• DIRECTIONS FOR THIS TASK
A faithful copy is required. Print each line of the data exactly and omit the pictures.

[Scraped caption text data]
━━━

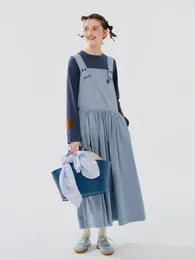 Casual Dresses Imakokoni 2024 Spring Original Design Pure Cotton Letter Strap Dress 244496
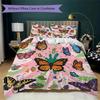 Butterfly Pattern Bedding uilt Set uilt Cover Pillowcase Home Decoration Birthday Gift (1 * duvet cover + 2 * pillowcase  without core)35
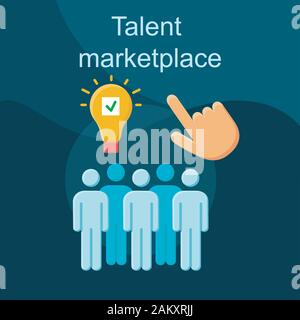 Talent Marktplatz flachbild Konzept Vektor icon. Recruiting Prozess Idee cartoon Abbildungen in Farbe gesetzt. Talent Acquisition. Die Gewinnung qualifizierter Mitarbeiter. Stock Vektor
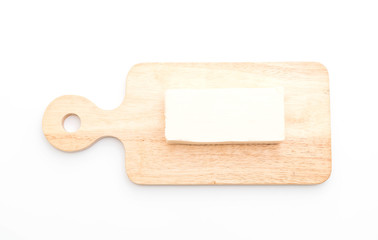 tofu on white background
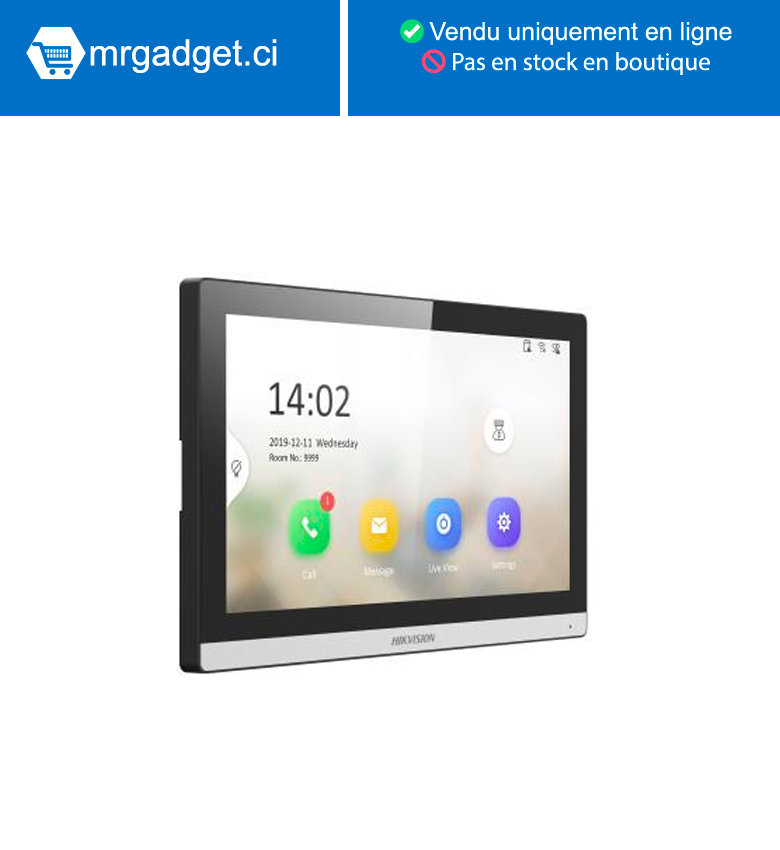 Hikvision DS-KH6350-WTE1(O-STD) - Ecran 7 Pouces IP POE pour interphone et caméra - Recevez des appels, ouvrez la porte et visualisez en direct à distance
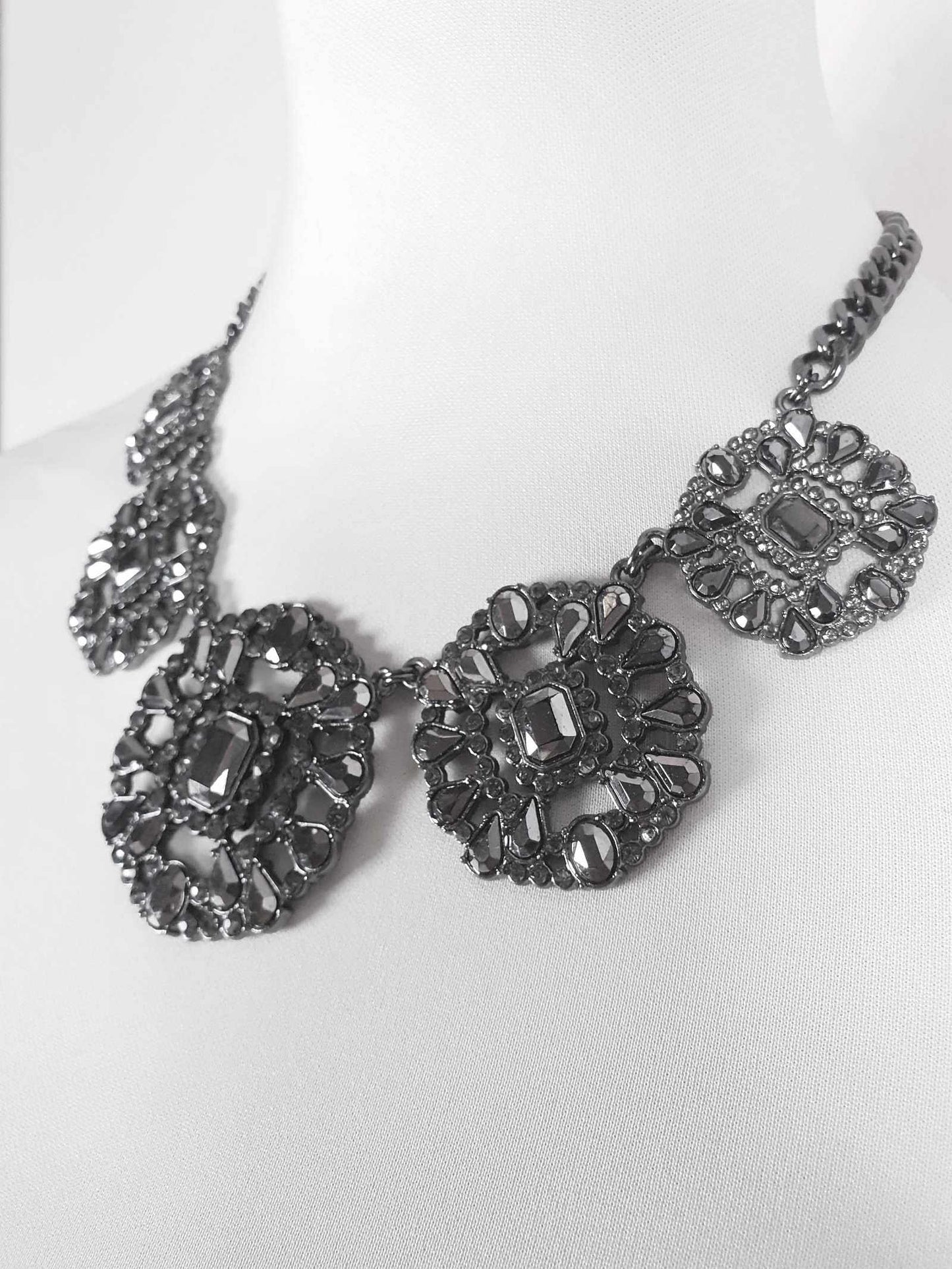 Vintage Victorian Revival Dark Grey Rhinestone Necklace Statement 90s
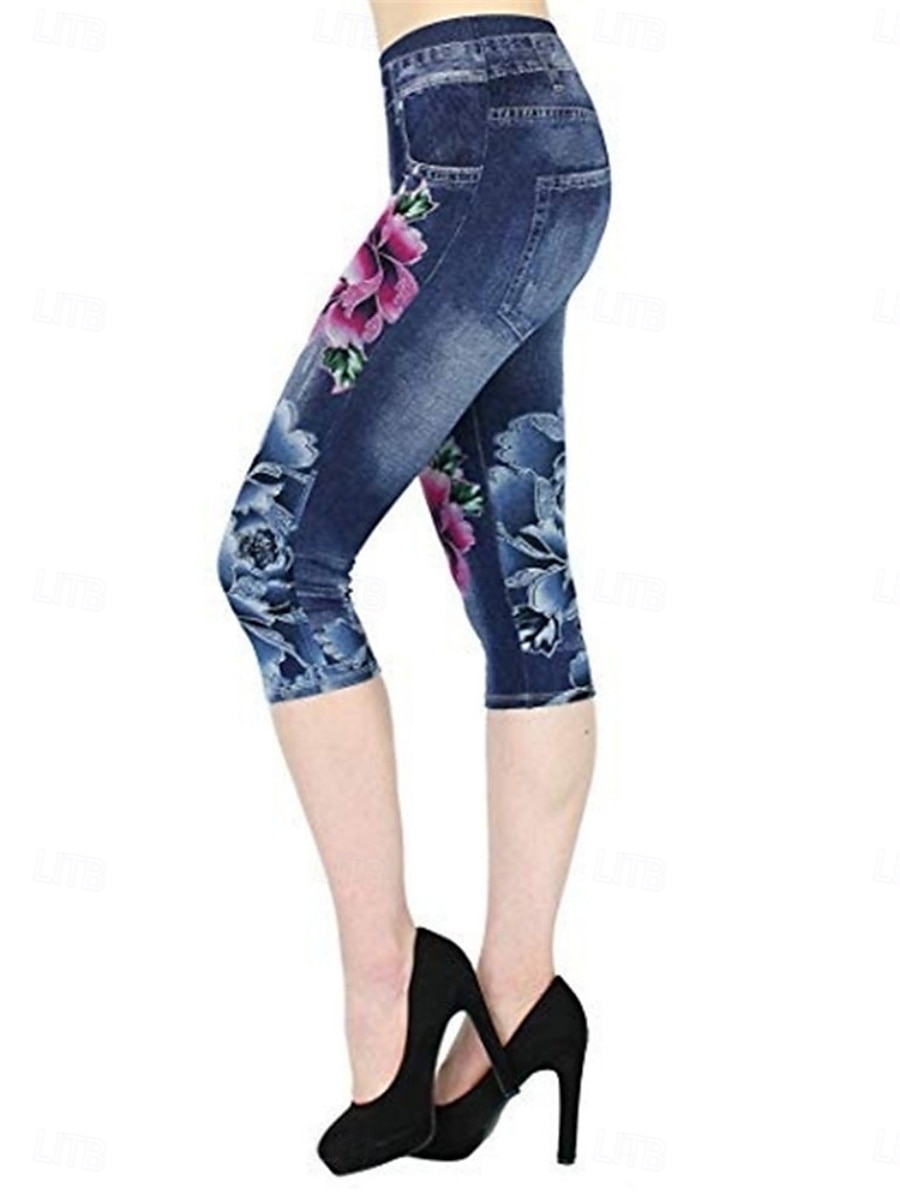 Leggings da donna Capri Pantaloni Stampa 3D Chinos Leggings Vacanza Vintage Casual Lunghezza Tonda Alta Vita Florale Stampa Morbida Confortevole Elasticizzata Esterno Vacanza strada Blu Estate Slim del 2025 a $13.99 –P2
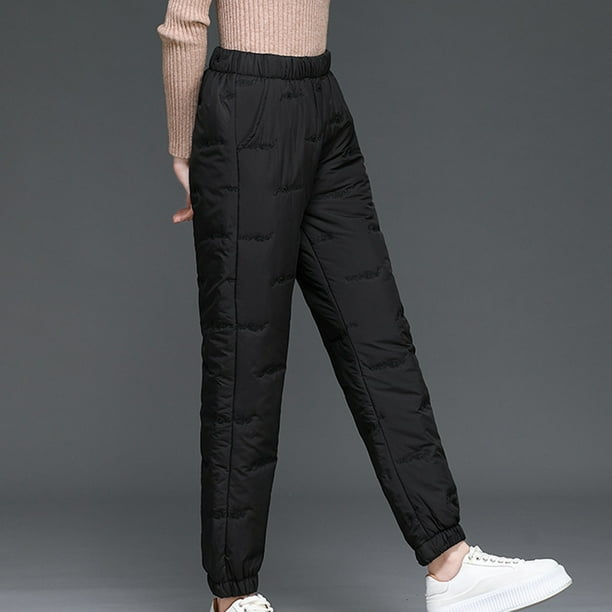 New Year New You! Feltree Full Length Pants Fashion Casual Women Solid Span  Ladies High Waist Keep Warm Long Pants Full Length Pants Leggings Black XL  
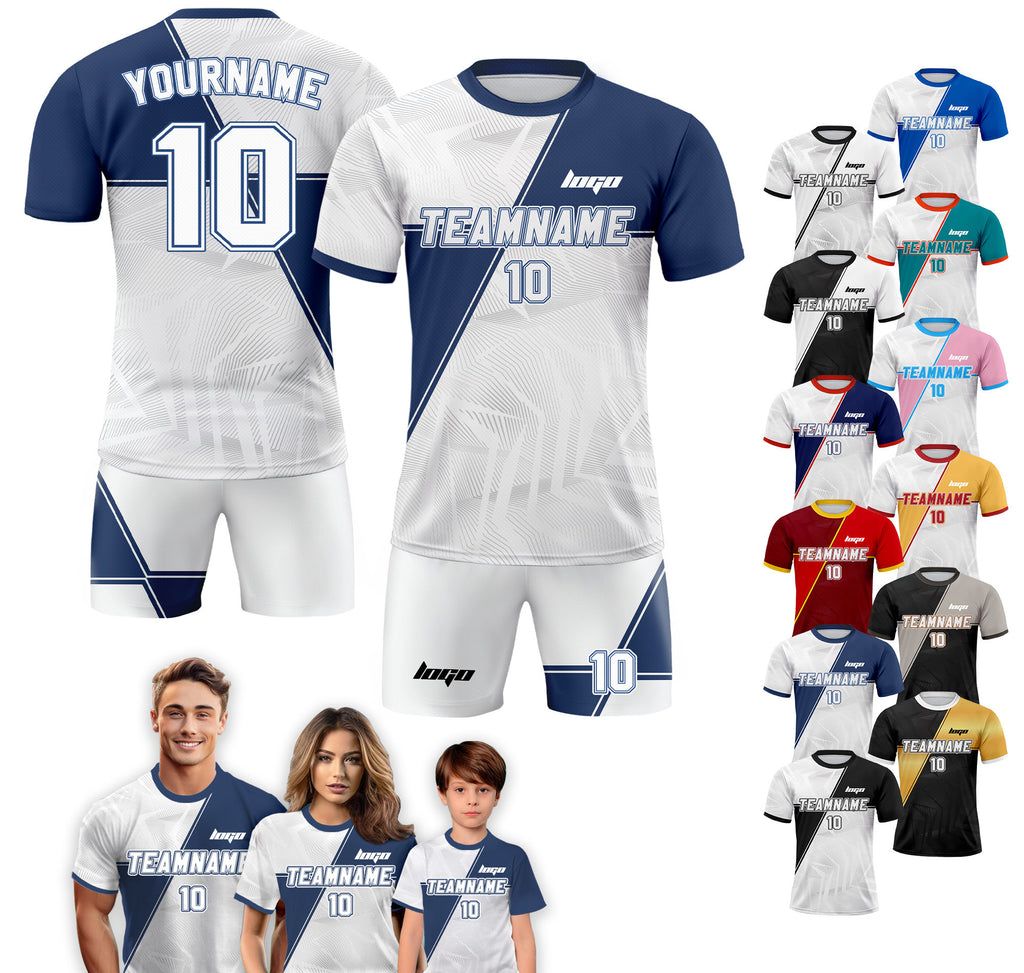 Personalized Jersey with Team Name Number, Custom Soccer Jersey for Adult Kid Team Uniform, Customized Soccer Jersey Sublimation Blue Navy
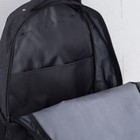 Рюкзак молодёжный, 2 отдела, 3 наружных кармана, эргономичная спинка, чёрный - Фото 5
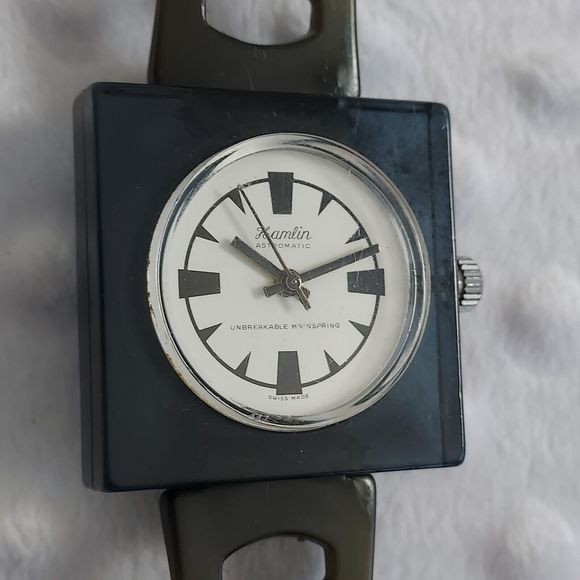 90s Hamlin Black Watch Astromatic Square Swiss Unbreakable Mainspring Chancellor - Picture 8 of 13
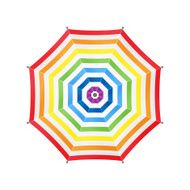 White Umbrella With Rainbow Stripes Top View Template For Your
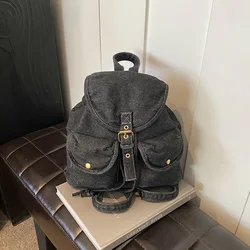 Fashion Casual Denim Women Backpack Large Capacity Jean Bag Teenage Girls School Shoulder Bag Female Backpack
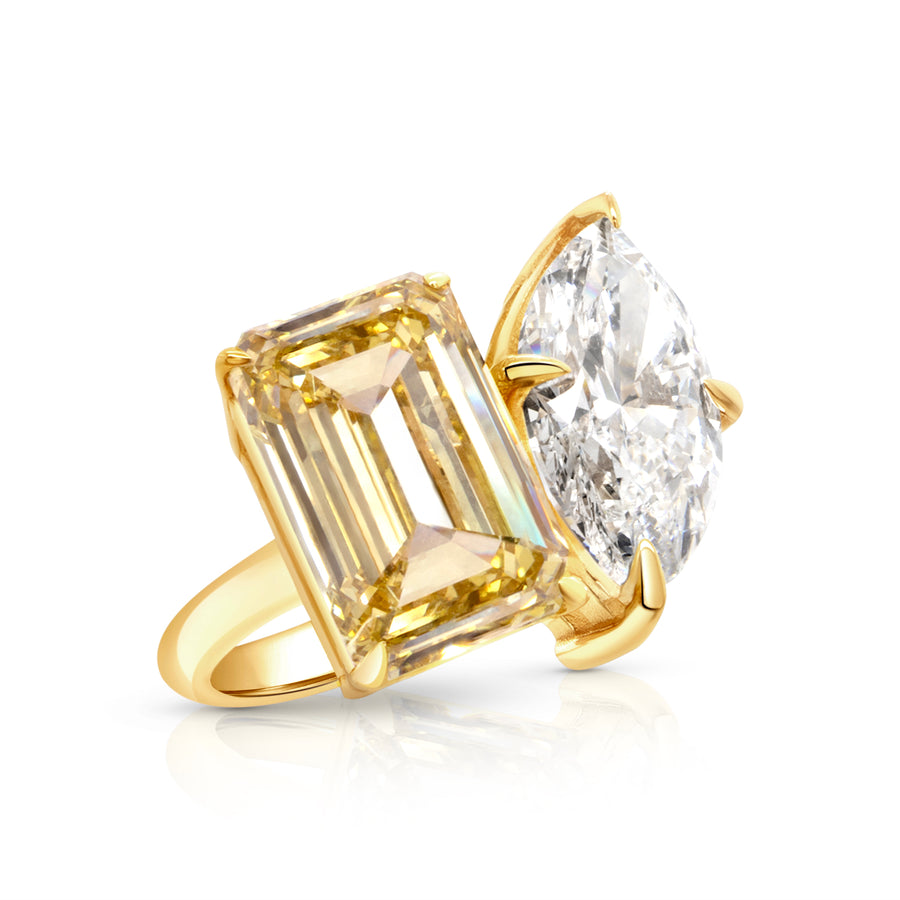 Two-Stone Lab Grown Diamond, 14K Yellow Gold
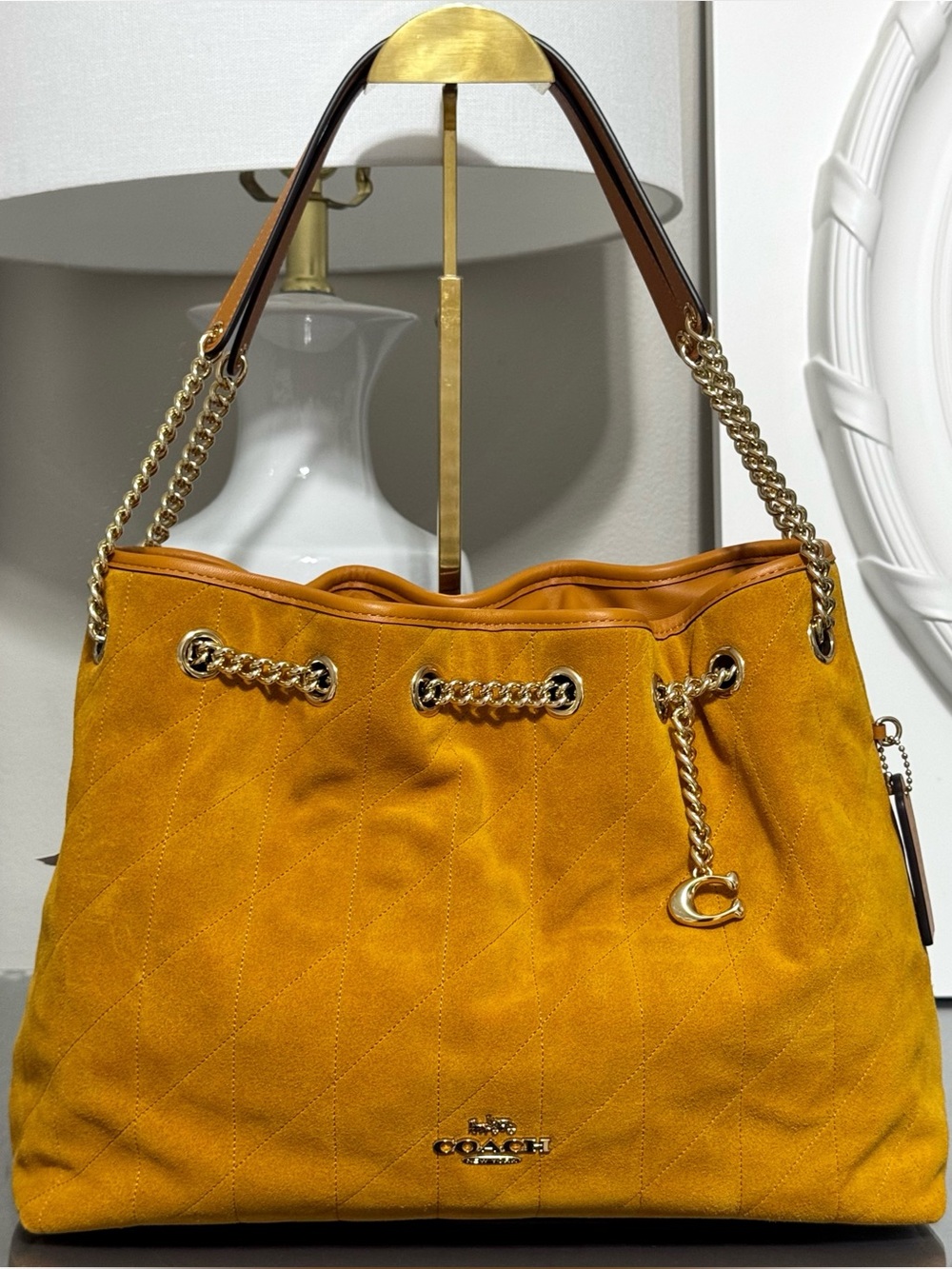 COACH Evelyn Shoulder Bag With Quilting And Charm, MARIGOLD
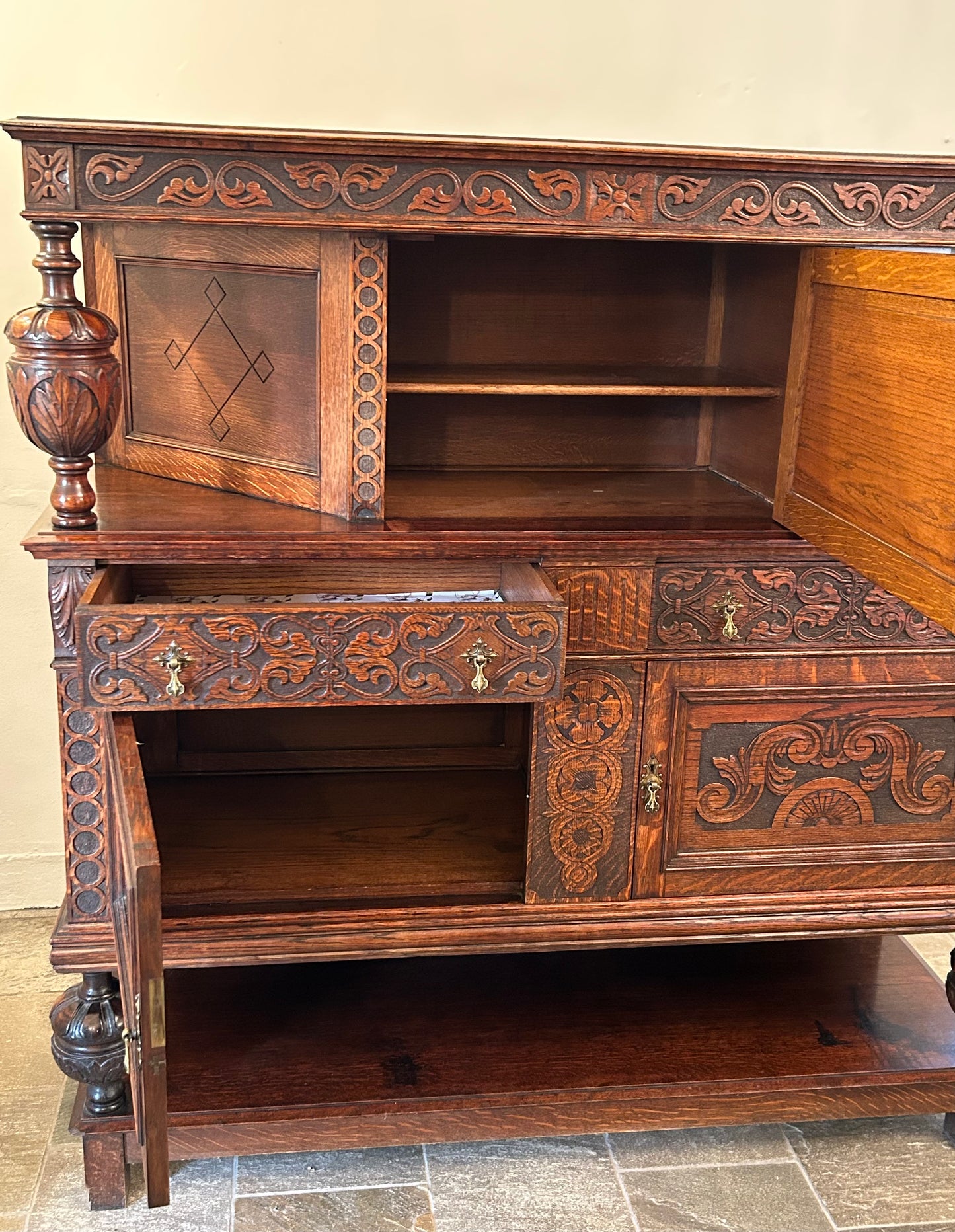 Oak carved court cupboard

━━━

• SOLUTION FOR THIS PROBLEM
 Casual Dresses Imakokoni 2024 Spring Original Design Pure Cotton Letter Strap Dress 244496
 Butterfly Pattern Bedding uilt Set uilt Cover Pillowcase Home Decoration Birthday Gift (1 * duvet cover + 2 * pillowcase  without core)35
 Talent Marktplatz flachbild Konzept Vektor icon. Recruiting Prozess Idee cartoon Abbildungen in Farbe gesetzt. Talent Acquisition. Die Gewinnung qualifizierter Mitarbeiter. Stock Vektor
 tofu on white background
 Hikvision DS-KH6350-WTE1(O-STD) - Ecran 7 Pouces IP POE pour interphone et caméra - Recevez des appels, ouvrez la porte et visualisez en direct à distance
 Vintage Victorian Revival Dark Grey Rhinestone Necklace Statement 90s
 Leggings da donna Capri Pantaloni Stampa 3D Chinos Leggings Vacanza Vintage Casual Lunghezza Tonda Alta Vita Florale Stampa Morbida Confortevole Elasticizzata Esterno Vacanza strada Blu Estate Slim del 2025 a $13.99 –P2
 New Year New You! Feltree Full Length Pants Fashion Casual Women Solid Span  Ladies High Waist Keep Warm Long Pants Full Length Pants Leggings Black XL  
 Personalized Jersey with Team Name Number, Custom Soccer Jersey for Adult Kid Team Uniform, Customized Soccer Jersey Sublimation Blue Navy
 Рюкзак молодёжный, 2 отдела, 3 наружных кармана, эргономичная спинка, чёрный - Фото 5
 90s Hamlin Black Watch Astromatic Square Swiss Unbreakable Mainspring Chancellor - Picture 8 of 13
 White Umbrella With Rainbow Stripes Top View Template For Your
 Fashion Casual Denim Women Backpack Large Capacity Jean Bag Teenage Girls School Shoulder Bag Female Backpack
 Two-Stone Lab Grown Diamond, 14K Yellow Gold
 COACH Evelyn Shoulder Bag With Quilting And Charm, MARIGOLD
 Oak carved court cupboard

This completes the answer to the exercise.